Though it looked preposterous after that two-touchdown loss to Memphis on Oct. 17, Ole Miss’ season still had a single truth: Win out and play for an Southeastern Conference championship.

A little more than two weeks later, that’s still the case.

That loss was the Rebels’ second in three weeks, but Ole Miss has rebounded with two straight wins since returning to league play. Saturday’s 27-19 win over Auburn kept No. 19 Ole Miss (7-2, 4-1 SEC) in control of its destiny in the SEC Western Division, setting up a crucial November where wins in its final three games would send the Rebels to Atlanta to play the East champion in the SEC Championship Game.

As much as coaches are trying to keep the Rebels focused on the short term — “The Arkansas Razorbacks at home at 2:30 next Saturday,” head coach Hugh Freeze said after Saturday’s game, referring to the next opponent on Ole Miss’ schedule — talk of the bigger picture for a program that’s never played in the title game since its creation in 1991 has been hard to escape for players.

But the Rebels also know all they’ll be playing for is pride against LSU and Mississippi State if they don’t take care of business against the Razorbacks on Saturday (2:30 p.m., CBS). There’s no point in looking ahead now.

“It’s a one-game season in our mindset, and we feel like if we play like we’ve been playing, things might turn our way,” safety Mike Hilton said. “We’re going to take it one game at a time and see where we end up.”

The Rebels have already been able to quickly move on from the loss to Memphis as well as an ugly loss at Florida that left Ole Miss looking like anything but an SEC contender.
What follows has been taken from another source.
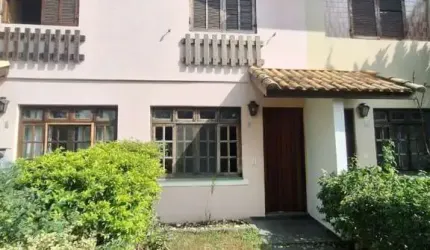 CASA EM CONDOMINIO COM 2 DORMITORIOS FL26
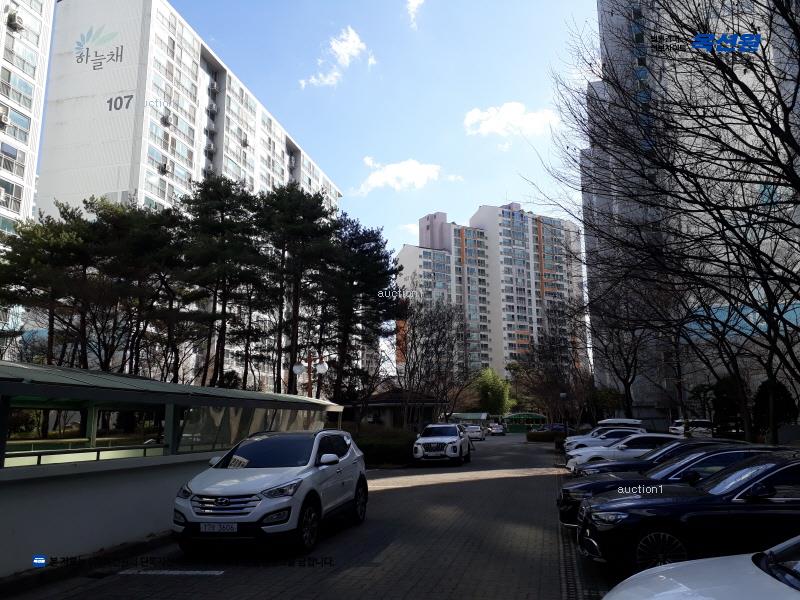 2025타경31471 전북특별자치도 전주시 완산구 화산천변로 55, 코오롱하늘채아파트 106동 2층 203호 아파트[공급56평형] 경매 이미지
Ole Miss was outscored 75-34 in those games but has performed better on both sides of the ball to knock off Texas A&M and the Tigers in back-to-back weeks.

Offensive tackle Laremy Tunsil made his season debut against A&M and has helped the Rebels get their running game going (128 rushing yards per game), and the defense, with linebacker C.J. Johnson and defensive tackle Robert Nkemdiche back from injuries, has cleaned up its tackling to get off the field more consistently.

A&M and Auburn converted just 22 percent of the time (8 of 35) on third down.

“I think our kids are doing a pretty good job blocking all the noise out and focusing on getting better,” Freeze said. “I’ve learned a lot about myself and our coaching staff and the people that surround your program. We don’t blink. You’ve just got to go on and play the next one.”

Said quarterback Chad Kelly, “Coach always says that each play has its own life, and you have to approach every practice and every play as if it’s its own life. That’s what we’re doing a good job of. We’re concentrating and executing.”

Hilton, a senior, said it’s up to he and the rest of the upperclassmen to make sure all the players are worried about this week and nothing more.

“It’s not (easy), but that’s where our leadership has got to come in and keep everybody focused and maintain on the goal that we’re all trying to reach,” Hilton said. “We just feel like the seniors, even some juniors, really just take that leadership and just make sure the team is focused and ready to grind.”